The tumults of recent German history have resulted in only minor disruptions for Hof Marionhöhe: the Nazis shut down the farm’s self-published newsletter in the 1930s, but left the operation of the farm intact throughout World War II. By using his Austrian citizenship to emigrate – which turned his land into foreign, privately-owned territory, and thus saved it from the collectivization forced upon other East German farms – Bartsch managed to maintain Marienhöhe’s exceptional structure in the GDR era as well.
Today the farm continues, as it always has, to breed cows for milk and cheese, and pigs for slaughter; it also grows produce and grain for the consumption of humans and livestock. The cows’ milk is made into a wide variety of cheeses at the onsite dairy, and the bakery produces fresh loaves of bread from the farm’s own oats, barley and wheat.
Alongside these homemade delicacies, a seasonal plethora of fruit and vegetables (carrots, potatoes, apples, pears, peaches and plums, among others), as well as locally-sourced honey, are all sold at the farm store. “People come from all over the region for our products – some from as far away as Berlin,” notes Goldhammer. The farm also sells its products in various farmers’ markets in Berlin, and across Brandenburg.
Goldhammer explains the unseasonable blooms and the cows’ unusual coats: the cows – like all the farm’s animals – are bred “from old breeds of livestock that were threatened with extinction”. They are healthily fed on hay dried from the farm’s blooming fields of grass, whose flowers endure the bitter north German winter because of the chemical composition of the soil. This, in turn, is due to the fields’ complex fertilization system – in which the cows’ manure plays an integral role. This self-contained, interconnected cycle of materials is a key aspect of the Demeter philosophy: its followers see a farm as a “living organism”. And the first priority is nature. As Goldhammer explains, “For us, the bottom line is to give back to the land.”
The simplistic beauty of this self-sustaining system of cultivation is again reflected in the farm’s communal structure: a total of 35 people reside there – a number that includes everyone from school-age children to retirees as old as 95. “It’s important for us to be a community, that the people who worked here their whole lives are able to spend their last years here. There are also lots of children, as well as trainees and interns,” Goldhammer says. The core workforce comprises 15 people; the others are members of its tight-knit community.
When asked why he’s chosen such a line of work, Goldhammer answers, “Culture, in the largest sense of the word. We’re here to establish a cultural impetus, to shape the cultivation of the land, as well as to cultivate a social culture around that – a more humane culture.”
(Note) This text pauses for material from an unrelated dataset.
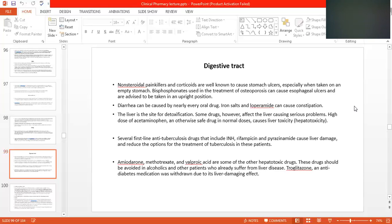If any patient is suffering from liver cirrhosis or hepatitis, these drugs cannot be administered because they will lead to hepatotoxicity. Amiodarone, methotrexate, anti-cancer drugs, and mefenamic acids are some other hepatotoxic agents. These should be avoided in alcoholics and other patients who already have liver disease.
This ethos is in evident in all aspects of life at Marienhöhe, from the cultivation of the land and animals to the way administrative decisions are made to the economic side of things. Everything is treated holistically.
“We want to give future generations this land for them to sustain, which will in turn sustain them.”
For the farmers at Marienhöhe, their work is also about demonstrating that there’s a modern way to live off the land, one that goes beyond profit and prejudices. “Berliners dismiss all of this as ‘JWD’ [Janz weit draußen, or “way far out there”]. They have no idea,” Goldhammer laments. So, despite the lack of money – the farm is hoping to fund badly-needed repairs to its cow barn with customer donations – he and his colleagues are staying strong.
“It’s all about a different culture, a culture we believe in and we want to spread further. That’s what is important to me; that’s what I want to do.”